In den kommenden Wochen finden Sie im Stadtblatt regelmäßig, aber nicht unbedingt wöchentlich, kurze Beiträge zum Thema Klimawandel. Ziel dieser Reihe ist es, gängige Mythen und falsche Behauptungen kritisch zu beleuchten – und dabei immer auch einen Blick auf Ebersbach an der Fils zu werfen. Denn Klimawandel ist kein fernes Phänomen, das nur in der Arktis oder in den Tropen stattfindet. Er betrifft uns direkt vor Ort.

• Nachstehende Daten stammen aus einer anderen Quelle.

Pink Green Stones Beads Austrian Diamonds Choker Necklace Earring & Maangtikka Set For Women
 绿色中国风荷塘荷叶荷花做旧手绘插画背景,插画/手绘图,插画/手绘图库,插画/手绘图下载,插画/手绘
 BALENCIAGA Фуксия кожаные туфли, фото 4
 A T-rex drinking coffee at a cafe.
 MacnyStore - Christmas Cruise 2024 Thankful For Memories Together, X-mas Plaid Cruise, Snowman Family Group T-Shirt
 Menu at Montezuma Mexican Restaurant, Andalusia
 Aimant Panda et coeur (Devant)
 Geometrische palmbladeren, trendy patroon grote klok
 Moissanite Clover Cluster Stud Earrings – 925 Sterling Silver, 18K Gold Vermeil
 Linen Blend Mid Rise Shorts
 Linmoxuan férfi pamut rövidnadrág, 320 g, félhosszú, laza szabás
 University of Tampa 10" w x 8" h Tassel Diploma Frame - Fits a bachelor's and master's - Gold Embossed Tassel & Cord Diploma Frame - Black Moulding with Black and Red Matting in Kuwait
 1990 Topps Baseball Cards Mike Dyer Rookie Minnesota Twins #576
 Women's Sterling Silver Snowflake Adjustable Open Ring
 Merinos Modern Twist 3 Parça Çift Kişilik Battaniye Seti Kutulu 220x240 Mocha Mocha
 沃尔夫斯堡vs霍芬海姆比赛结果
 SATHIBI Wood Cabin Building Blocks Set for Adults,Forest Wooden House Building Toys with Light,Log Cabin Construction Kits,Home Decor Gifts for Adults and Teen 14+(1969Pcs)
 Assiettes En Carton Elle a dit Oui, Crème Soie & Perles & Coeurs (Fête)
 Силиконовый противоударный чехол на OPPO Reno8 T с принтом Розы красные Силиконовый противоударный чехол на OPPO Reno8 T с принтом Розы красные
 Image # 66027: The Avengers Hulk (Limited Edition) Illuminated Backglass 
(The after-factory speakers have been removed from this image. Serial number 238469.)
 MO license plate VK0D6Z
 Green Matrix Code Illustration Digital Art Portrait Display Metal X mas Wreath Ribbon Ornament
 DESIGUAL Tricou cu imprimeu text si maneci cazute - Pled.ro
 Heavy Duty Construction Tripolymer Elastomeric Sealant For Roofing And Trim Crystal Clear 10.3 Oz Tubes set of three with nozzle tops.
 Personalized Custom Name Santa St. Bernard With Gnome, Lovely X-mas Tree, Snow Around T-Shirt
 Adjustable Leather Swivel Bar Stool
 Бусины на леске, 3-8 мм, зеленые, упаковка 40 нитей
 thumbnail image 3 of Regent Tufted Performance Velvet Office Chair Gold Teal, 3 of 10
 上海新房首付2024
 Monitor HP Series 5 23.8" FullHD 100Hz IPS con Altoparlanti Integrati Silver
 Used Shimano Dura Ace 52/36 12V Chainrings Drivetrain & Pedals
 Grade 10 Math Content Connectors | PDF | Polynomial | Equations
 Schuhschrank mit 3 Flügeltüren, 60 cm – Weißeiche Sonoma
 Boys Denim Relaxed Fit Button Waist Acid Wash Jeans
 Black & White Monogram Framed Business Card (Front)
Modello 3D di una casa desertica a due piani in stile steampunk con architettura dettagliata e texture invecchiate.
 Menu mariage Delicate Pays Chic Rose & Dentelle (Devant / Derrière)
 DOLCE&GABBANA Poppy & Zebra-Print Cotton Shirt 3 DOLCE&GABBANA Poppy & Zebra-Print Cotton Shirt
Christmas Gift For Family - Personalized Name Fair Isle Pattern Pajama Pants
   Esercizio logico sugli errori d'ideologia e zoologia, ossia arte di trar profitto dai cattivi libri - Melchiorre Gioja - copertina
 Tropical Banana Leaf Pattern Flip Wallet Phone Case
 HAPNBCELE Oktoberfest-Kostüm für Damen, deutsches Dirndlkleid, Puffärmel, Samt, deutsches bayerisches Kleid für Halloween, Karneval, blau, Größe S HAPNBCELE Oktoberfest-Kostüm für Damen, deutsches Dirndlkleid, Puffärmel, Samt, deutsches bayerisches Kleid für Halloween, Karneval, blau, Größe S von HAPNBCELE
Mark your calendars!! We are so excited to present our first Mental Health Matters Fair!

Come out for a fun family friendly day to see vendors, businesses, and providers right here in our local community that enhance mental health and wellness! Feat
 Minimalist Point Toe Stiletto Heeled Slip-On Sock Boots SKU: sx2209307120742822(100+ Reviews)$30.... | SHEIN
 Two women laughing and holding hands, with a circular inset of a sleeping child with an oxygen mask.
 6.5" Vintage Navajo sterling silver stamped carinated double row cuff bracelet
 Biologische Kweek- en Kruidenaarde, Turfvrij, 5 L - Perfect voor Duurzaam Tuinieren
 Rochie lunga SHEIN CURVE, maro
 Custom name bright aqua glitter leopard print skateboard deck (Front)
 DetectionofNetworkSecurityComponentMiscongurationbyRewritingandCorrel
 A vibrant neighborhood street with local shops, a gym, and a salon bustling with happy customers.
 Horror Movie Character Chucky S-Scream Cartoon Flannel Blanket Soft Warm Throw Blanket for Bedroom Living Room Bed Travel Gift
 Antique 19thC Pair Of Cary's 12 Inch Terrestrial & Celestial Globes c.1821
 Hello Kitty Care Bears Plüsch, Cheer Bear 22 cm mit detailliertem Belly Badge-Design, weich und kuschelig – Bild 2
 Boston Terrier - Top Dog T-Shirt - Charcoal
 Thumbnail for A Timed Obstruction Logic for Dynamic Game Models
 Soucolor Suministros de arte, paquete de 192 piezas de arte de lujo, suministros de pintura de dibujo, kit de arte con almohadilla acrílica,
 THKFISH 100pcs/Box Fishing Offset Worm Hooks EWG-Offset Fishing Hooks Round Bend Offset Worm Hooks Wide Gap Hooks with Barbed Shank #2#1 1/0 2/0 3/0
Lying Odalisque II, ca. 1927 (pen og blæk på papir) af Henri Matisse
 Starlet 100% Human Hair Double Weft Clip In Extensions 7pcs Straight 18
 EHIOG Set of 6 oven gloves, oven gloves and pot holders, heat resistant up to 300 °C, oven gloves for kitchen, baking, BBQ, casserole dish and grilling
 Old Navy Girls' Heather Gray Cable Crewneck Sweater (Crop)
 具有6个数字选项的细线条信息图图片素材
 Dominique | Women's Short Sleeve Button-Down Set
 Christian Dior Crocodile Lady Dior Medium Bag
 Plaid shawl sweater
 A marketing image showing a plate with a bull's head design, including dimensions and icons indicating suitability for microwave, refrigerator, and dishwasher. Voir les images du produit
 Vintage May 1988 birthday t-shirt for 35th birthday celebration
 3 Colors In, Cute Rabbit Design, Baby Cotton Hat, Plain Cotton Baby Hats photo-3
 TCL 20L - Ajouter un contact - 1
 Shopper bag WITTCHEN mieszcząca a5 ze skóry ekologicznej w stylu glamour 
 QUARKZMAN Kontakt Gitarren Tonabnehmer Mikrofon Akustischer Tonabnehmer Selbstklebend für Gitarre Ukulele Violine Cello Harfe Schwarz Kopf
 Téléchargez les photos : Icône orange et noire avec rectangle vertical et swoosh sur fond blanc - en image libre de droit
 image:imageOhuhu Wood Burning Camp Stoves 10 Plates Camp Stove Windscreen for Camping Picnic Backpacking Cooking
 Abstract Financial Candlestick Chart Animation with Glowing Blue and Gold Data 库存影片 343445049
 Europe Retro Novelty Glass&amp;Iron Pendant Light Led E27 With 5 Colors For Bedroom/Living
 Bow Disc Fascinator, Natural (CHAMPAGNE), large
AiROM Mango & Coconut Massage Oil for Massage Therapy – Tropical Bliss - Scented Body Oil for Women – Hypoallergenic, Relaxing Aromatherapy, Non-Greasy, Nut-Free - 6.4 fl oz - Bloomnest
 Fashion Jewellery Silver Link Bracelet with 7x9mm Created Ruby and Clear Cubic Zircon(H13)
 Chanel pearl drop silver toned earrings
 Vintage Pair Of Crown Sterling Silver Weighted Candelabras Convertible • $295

Ein häufiges Argument lautet: „Früher war das Wetter auch schon verrückt – das ist alles ganz normal.“ Viele erinnern sich an heiße Sommer in den 1970er Jahren oder an schneereiche Winter. Daraus wird oft geschlossen, dass die heutigen Wetterextreme nichts Besonderes seien. Doch dieser Vergleich greift zu kurz. Wetter war tatsächlich schon immer schwankend, aber Klimawandel bedeutet nicht einzelne heiße Tage oder ein Unwetter, sondern die langfristige Veränderung von Durchschnittswerten über Jahrzehnte hinweg. Genau diese Veränderungen sind heute eindeutig messbar. Der Deutsche Wetterdienst zeigt, dass die Jahresdurchschnittstemperatur in Deutschland seit 1881 um rund 1,6 Grad Celsius gestiegen ist (DWD 2023). Dazu kommt, dass Extremwetter wie Hitzewellen, Starkregen oder Dürreperioden inzwischen häufiger und intensiver auftreten – das ist wissenschaftlich eindeutig belegt (IPCC 2021).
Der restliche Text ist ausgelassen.